Owen Jones was the main attraction. Afterwards, people were queueing up to have their picture taken with him. He is a like a rock star. (Presented with my copy of Chavs to sign, he wrote "To David, Owen Jones", and when I was a bit taken aback he added, as if it were the most obvious thing in the world that, "I know exactly who you are." Now with my walking stick and everything else, I almost never get to London anymore, so I honestly don't know.)

Owen's speech was substantially the same as the one that he had delivered to the People's Assembly rally the night before, and it was magnificent. Half a million people are dependent on food banks in the seventh richest country in the world. We must control rents, and let councils build housing. We need the Living Wage, and an Industrial Strategy as in Germany. We must go after the £25 billion that is avoided in tax. There must be public control of the banks that the public bailed out.

Most of all, we need a broad-based movement, aware of the potential reception now that austerity has failed on its own terms. (See yesterday's inflation figures.) The majority of Tory voters is in favour of renationalising the railways, and 40 per cent of them favour a French-style wealth tax. That's right. Tory voters.

There will be a day of direct action on 29th September, "when the Tories have the effrontery to invade Manchester", and a day of peaceful civil disobedience on 5th November.

Owen had had to dash off from that meeting, which was held in the fabulous Miners' Hall at Redhills, in order to attend the pre-Gala dinner, but a speech from the floor by a youthful Trotskyist activist got me to my feet to say that the future could not lie in such things.

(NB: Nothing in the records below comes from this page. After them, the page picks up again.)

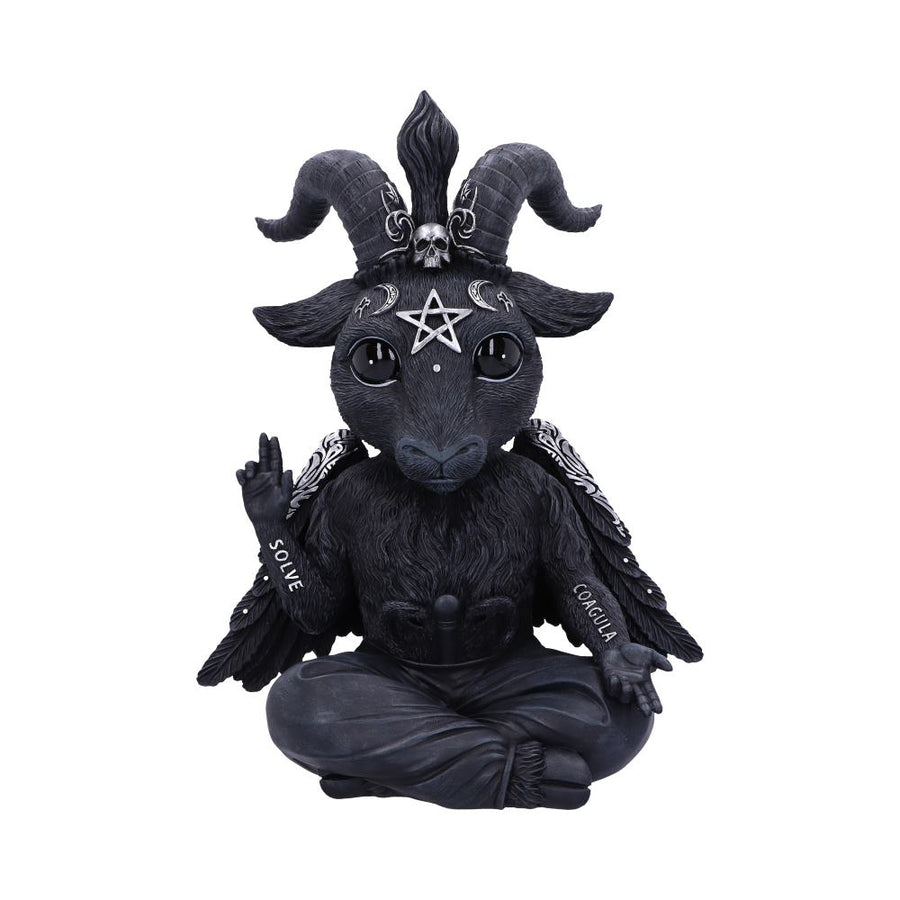 Baphoboo Baphomet Figurine 30cm Large Resin Display Figure 1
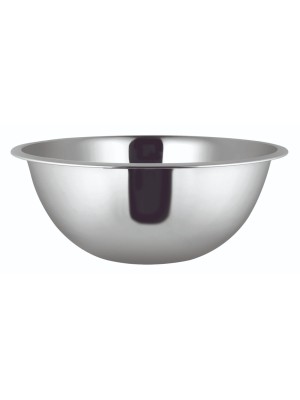 Tigela de Inox 14cm WX4434 – Tigela em Aço Inoxidável Resistente para Cozinha, Preparo de Alimentos, Servir e Uso Doméstico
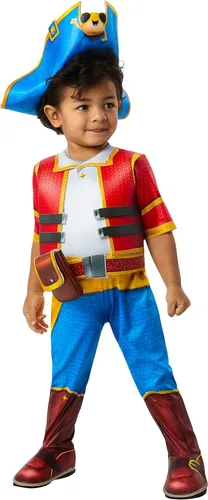 Vista 2 de Rubies Santiago de los mares: Disfraz de Santiago Montes para niños pequeños, niño 2T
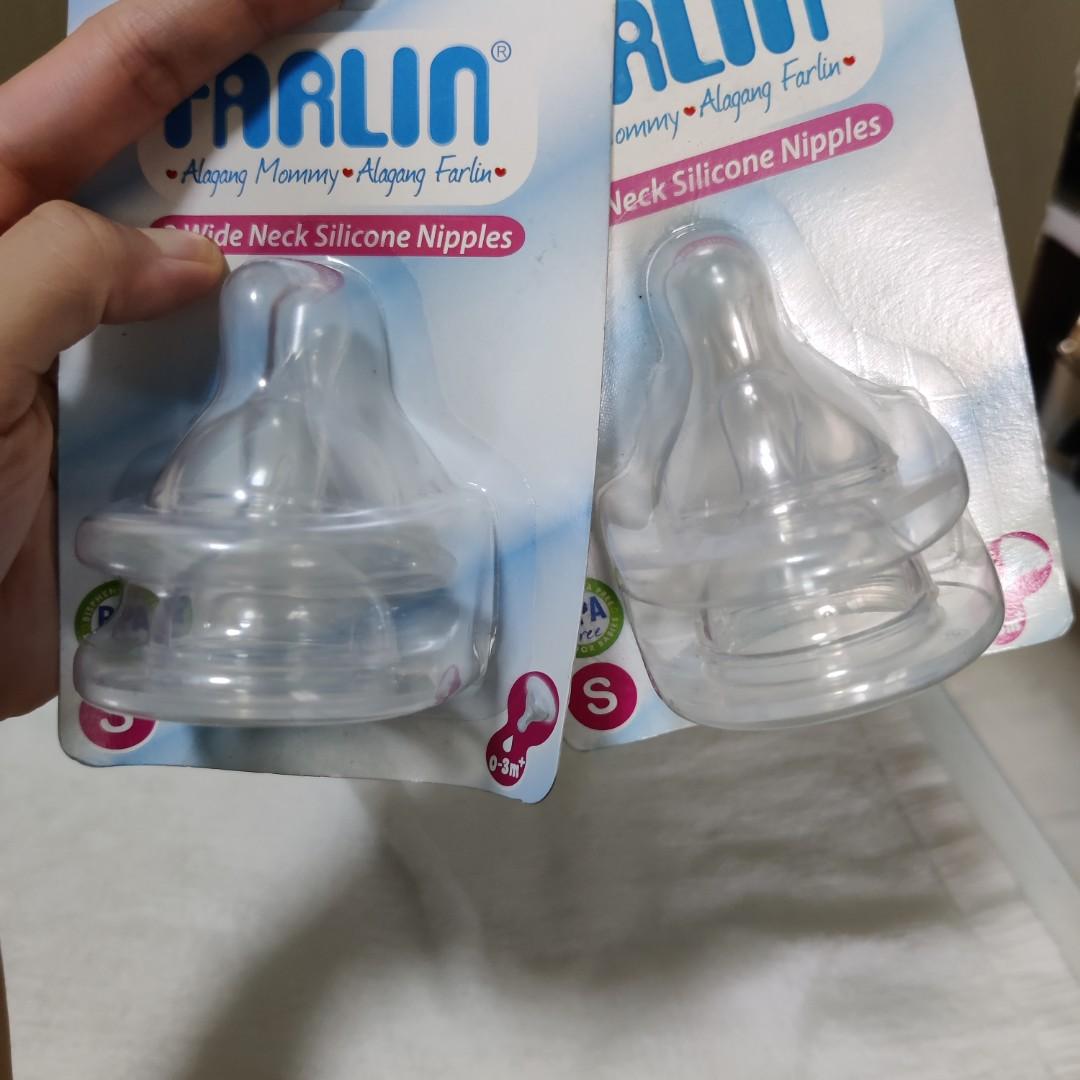 Farlin wide neck sales teat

The attacks on the NHS, the Royal Mail, rural bus services, pensioners' and disabled people's benefits, and so on, reached deep into the heart of Tory Britain and the middle class and what have you, constituted an unprecedented attack on the most basic fabric of our national life, and offered an organisational opportunity such as I could never remember, having been listening to speeches like the previous speaker's for as long as he had been alive. "But we have to keep our act together, including minding what we say and who we put in leadership positions."

Though I say so myself, I was very warmly applauded, and perfect strangers came up to me afterwards to shake my hand. I have not always had that experience as a political speaker in the past. The following day, when I told this to Owen, he strongly agreed with me. Hard Left? Hardly!

Moreover, both Owen's and several other people's speeches at the People's Assembly rally made it very clear to me, having been at the Blue Labour Midlands Seminar exactly a week before, that Blue Labour and the People's Assembly were on the same page. Dialogue between the two is now most urgently necessary.

"Well, thank you, Bob, for that moderate contribution," said Davey Hopper after Bob Crow had called for a new party, not the first time that he had done so. Everyone laughed; the speech itself had been like a pastiche. In fact, the Blue Labour and the People's Assembly events had each felt like the meeting of the nucleus of a new party in the next Parliament. As, in its way, had the Gala.

But in all three cases, that party has to be the Labour Party. Having attended all three, I cannot imagine being in, or even voting for, any party that did not actively include them all. Nor can I imagine being outside any party that did.